▶
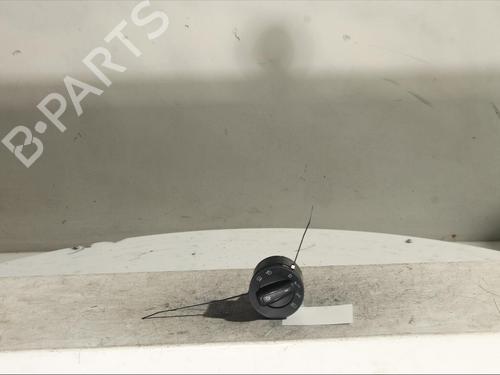 Used Headlight switch Headlight switch SKODA KAROQ (NU7, ND7) 1.5 TSI (150 hp) 17208568 17208568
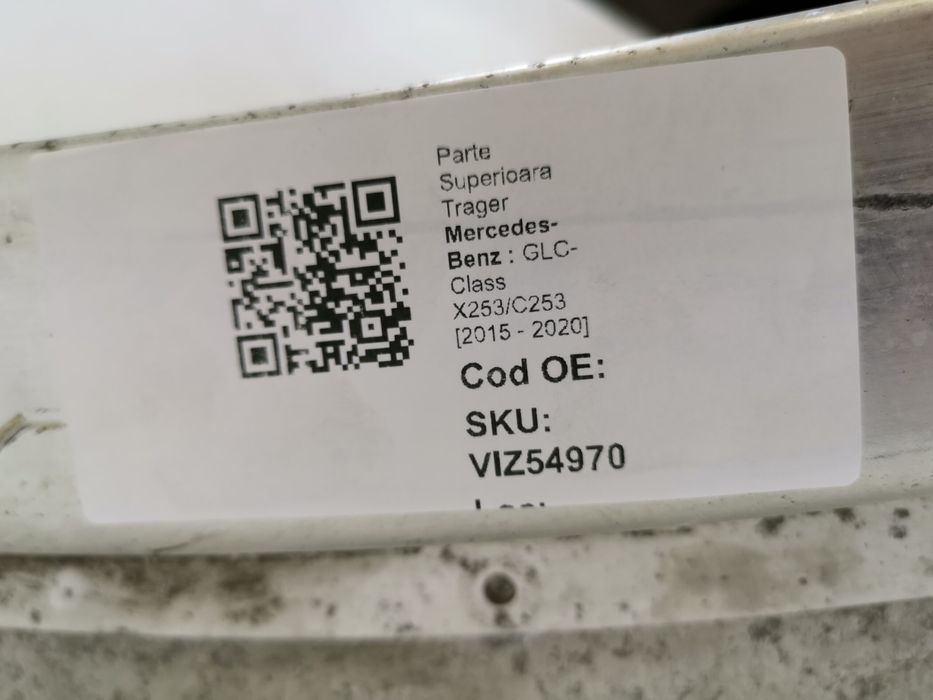 Горна част на теглич Мерцедес-Бенц / Mercedes-Benz GLC-Class X253/C253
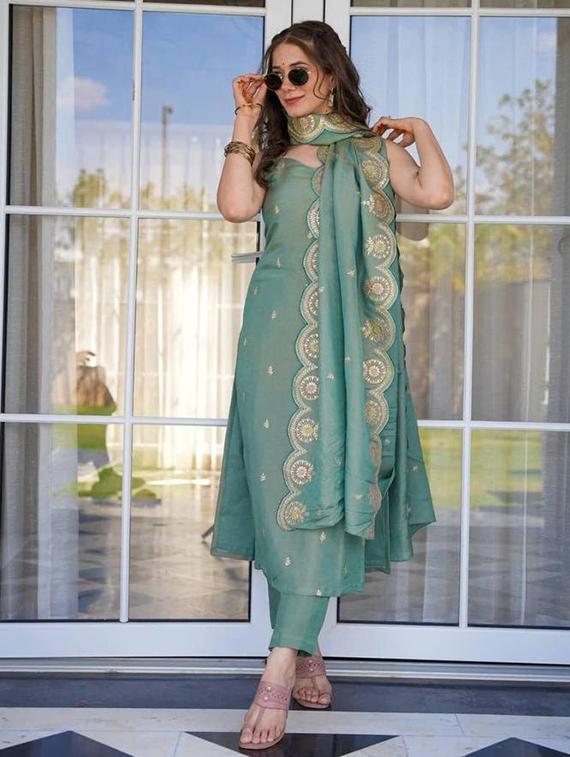women embroidered sleeveless kurta pant with dupatta set - 22014124 - Standard Image - 2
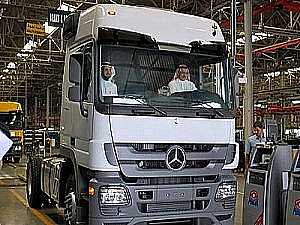 إنتاج أول شاحنة مرسيدس أكتروس بتجميع أيدي سعودية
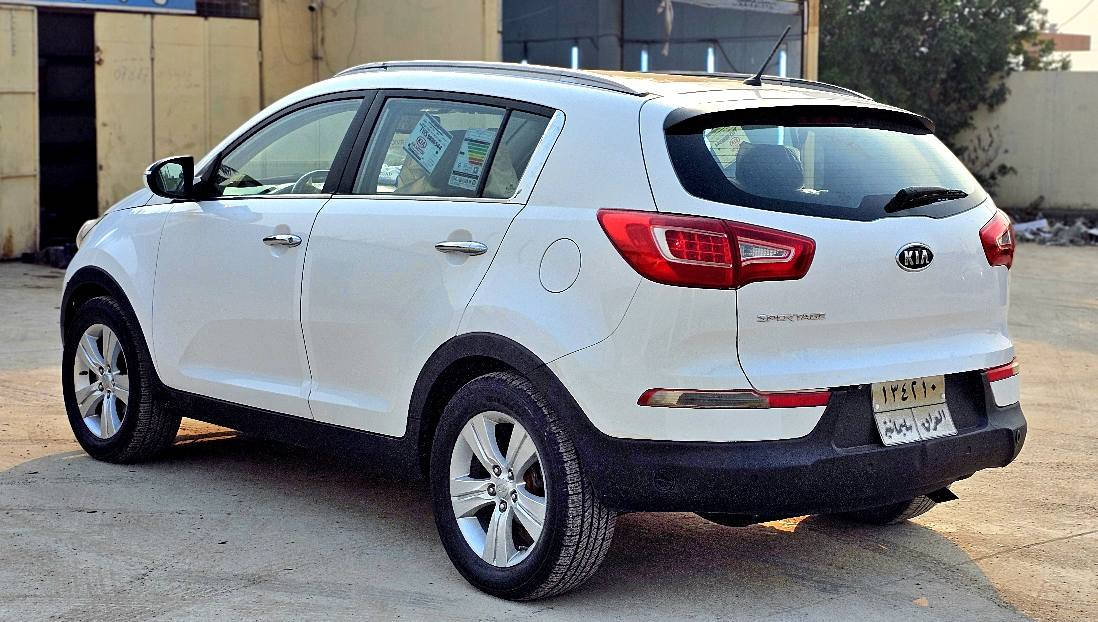 السلام عليكم 
للبيع سبورتج 2011وارد خليجي محدثه2015
السونار مرفق بلمنشور 
رقم سليمانيه الاماني سنويه نافذه 
محرك 2000دوش مكفول 
كير اوتو عادي 6نمر مكفول 
موصفات السياره 
ارباكات سليمه 
سقف بنرامه 
شاشه تاب اندرويد 
كامره خلفيه دواره 
حساسات خلفيه اصل 
اشاير مري 
هيترات مري 
بجم زنون 
ليدات نيكل 
ويل كب اكروم 
نضام ايكو مكثف بانزين 
مري شفط
وباقي الموصفات معروفه 
حداديه مسويه جديده 
السياره عليه منضومت غاز جديده ضمان سنتين
السياره جاهزه من كلشي ماناقصه اي شي 
مكان السياره بابل 
السعر 133
*********** حلة, بابل
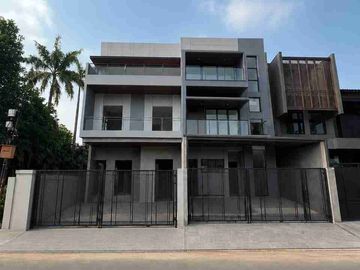 Dijual Rumah Taman Kedoya Baru Brand New House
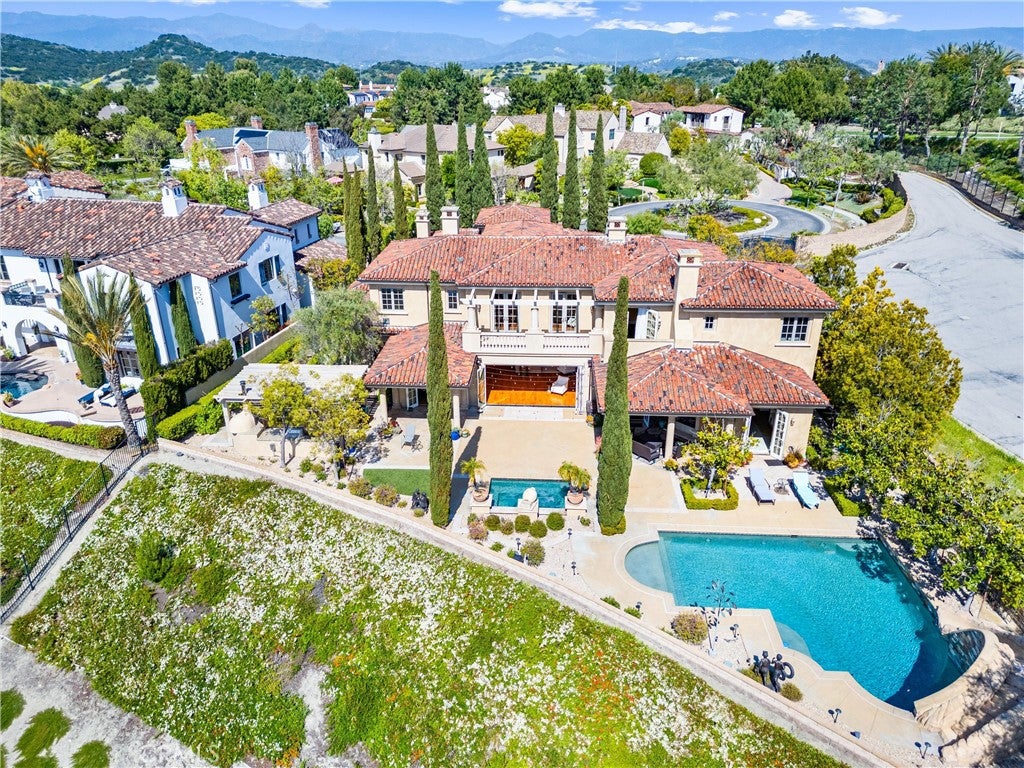 Ladera Ranch, California, 92694, United States, 5 Bedrooms Bedrooms, ,6 BathroomsBathrooms,Residential,Active,1798097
◀
• Exercise prompt
Would you set down the listing exactly, omitting pictures?

• Answer space
 Used Headlight switch Headlight switch SKODA KAROQ (NU7, ND7) 1.5 TSI (150 hp) 17208568 17208568
 Горна част на теглич Мерцедес-Бенц / Mercedes-Benz GLC-Class X253/C253
women embroidered sleeveless kurta pant with dupatta set - 22014124 - Standard Image - 2
 إنتاج أول شاحنة مرسيدس أكتروس بتجميع أيدي سعودية
 السلام عليكم 
للبيع سبورتج 2011وارد خليجي محدثه2015
السونار مرفق بلمنشور 
رقم سليمانيه الاماني سنويه نافذه 
محرك 2000دوش مكفول 
كير اوتو عادي 6نمر مكفول 
موصفات السياره 
ارباكات سليمه 
سقف بنرامه 
شاشه تاب اندرويد 
كامره خلفيه دواره 
حساسات خلفيه اصل 
اشاير مري 
هيترات مري 
بجم زنون 
ليدات نيكل 
ويل كب اكروم 
نضام ايكو مكثف بانزين 
مري شفط
وباقي الموصفات معروفه 
حداديه مسويه جديده 
السياره عليه منضومت غاز جديده ضمان سنتين
السياره جاهزه من كلشي ماناقصه اي شي 
مكان السياره بابل 
السعر 133
*********** حلة, بابل
 Dijual Rumah Taman Kedoya Baru Brand New House
 Ladera Ranch, California, 92694, United States, 5 Bedrooms Bedrooms, ,6 BathroomsBathrooms,Residential,Active,1798097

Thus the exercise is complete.